Math 453

Each of the following problems is worth 1 point if you answer it completely correctly. Partially correct answers will receive zero credit. These extra point problems must be turned in to me by 11am on Wednesday, October 1, if you would like to receive credit for them.

• Prove that every integer greater than 11 can be expressed as the sum of two composite numbers.
• Let p be an odd prime number. Prove that the numerator of $1 + \frac{1}{2} + \frac{1}{3} + \cdots + \frac{1}{p-1}$ (when expressed as a single fraction with denominator $(p-1)!$) is divisible by p.
• Let $a,b \in \mathbb{Z}$ with $a,b>0$ and $(a,b)=1$. Prove that there are infinitely many composites of the form $a+kb$, where k ranges of all non-negative integers.
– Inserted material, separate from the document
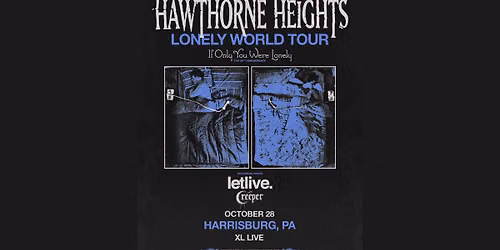 Hawthorne Heights: Lonely World Tour with letlive. and Creeper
• Two integers m and n between 2 and 100 inclusive are chosen. The sum of the two integers is given to Sam, and the product of the two integers is given to Pam. Both Sam and Pam are brilliant mathematicians who make perfect logical deductions whenever there is a logical deduction to be made. After they look at their numbers for a while, Pam says "I don't know your sum, Sam." Sam responds "I knew you didn't know my sum, Pam." Pam thinks for a moment and then says, with a smile, "Now I know your sum." Sam's response is "Now I know your product." What are m and n?
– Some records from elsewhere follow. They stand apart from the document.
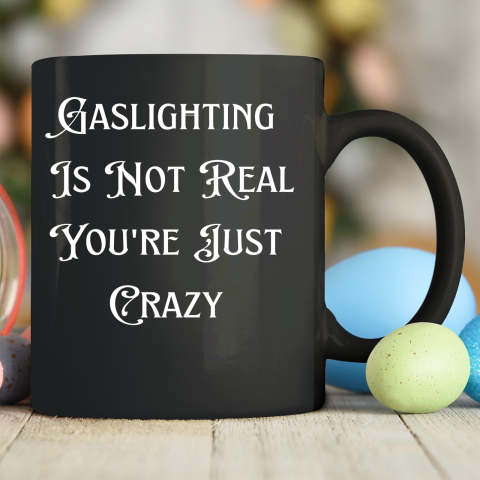 Gaslighting Is Not Real You re Just Crazy Shirt Ceramic Mug 11oz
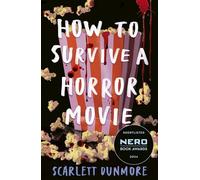 How to Survive a Horror Movie
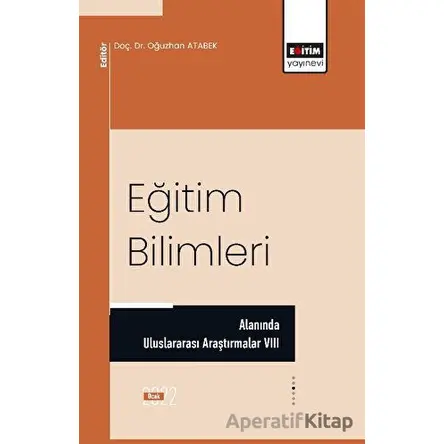 Eğitim Bilimleri Alanında Uluslararası Araştırmalar VIII
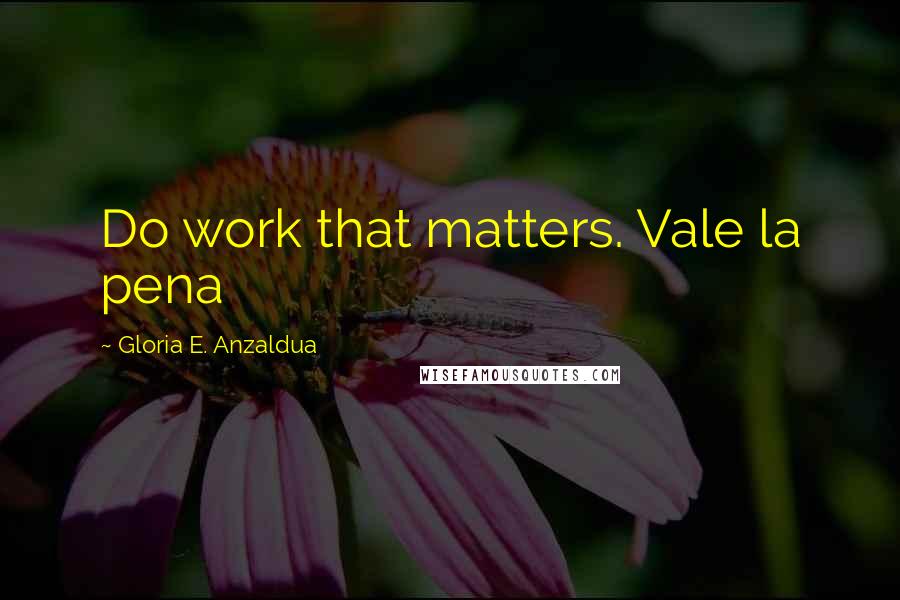 Gloria E. Anzaldua Quotes: Do work that matters. Vale la pena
• In an infinite prison each inmate gets his or her own cell; these cells are numbered by the positive integers: 1, 2, 3, … The warden of the prison can control whether each cell is locked or unlocked by the push of a button; his system works so well that he can even decide precisely which of his infinitely many cells to lock or unlock at a given time. Drunk with power, the warden decides to play a game. With each prisoner in his or her respective cell, he locks all the doors. He then "turns the key" on each of the doors which are a multiple of 2 (where by "turns the key" i mean he unlocks the doors which were locked, and locks the doors which were unlocked). Next he turns the key on each of the cells which are a multiple of 3, then he turns the key on each of the cells which are a multiple of 4, and so on.
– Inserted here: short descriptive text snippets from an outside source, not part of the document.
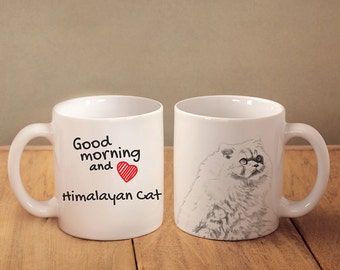 Himalayan cat - mug with a cat and description:"Good morning and love..." High quality ceramic mug. Dog Lover Gift, Christmas Gift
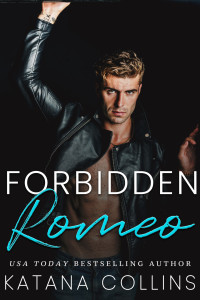 Katana Collins — Forbidden Romeo (Shattered Hearts Trilogy Book 3)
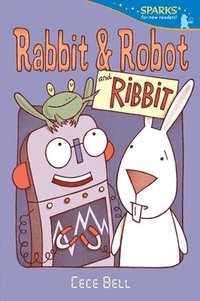 bokomslag Rabbit and Robot and Ribbit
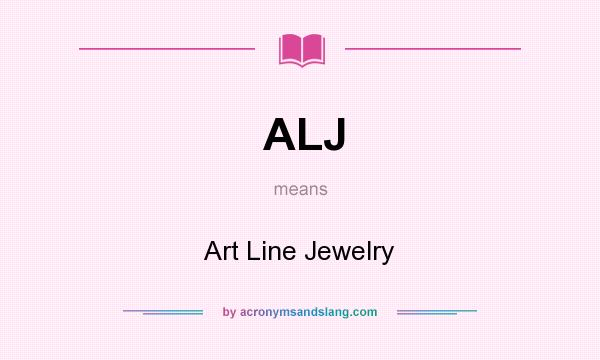 What does ALJ mean? It stands for Art Line Jewelry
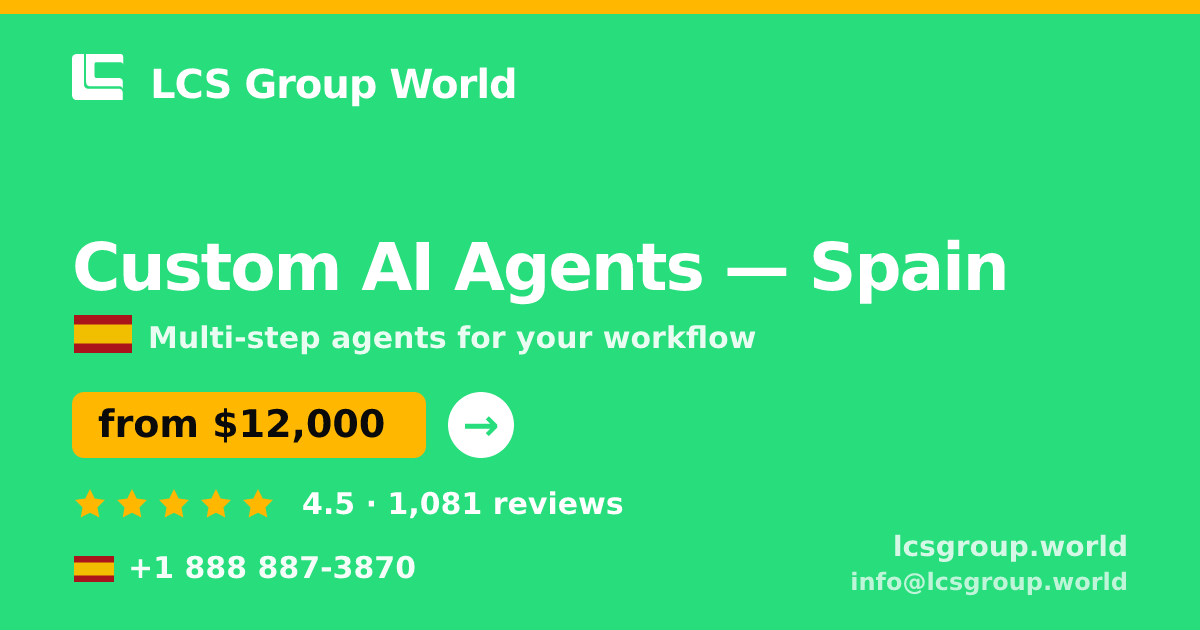 Custom AI Agents in Spain — from $12,000, rated 4.5/5 by 1081 clients. LCS Group World.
  • The warden will play this game forever, but for any given prisoner the game eventually stops. Describe at which step of the game the prisoner in cell n knows that the warden will no longer "turn the key" on cell number n.
  • Find exactly which prisoners are left with an open door when the game is through for them. Be sure to give a full justification for your answer.
• Let n be an integer greater than 1. Prove that the sum of all positive integers k with $1 \leq k \leq n$ and $(k,n)=1$ is $\frac{1}{2}n\phi(n)$.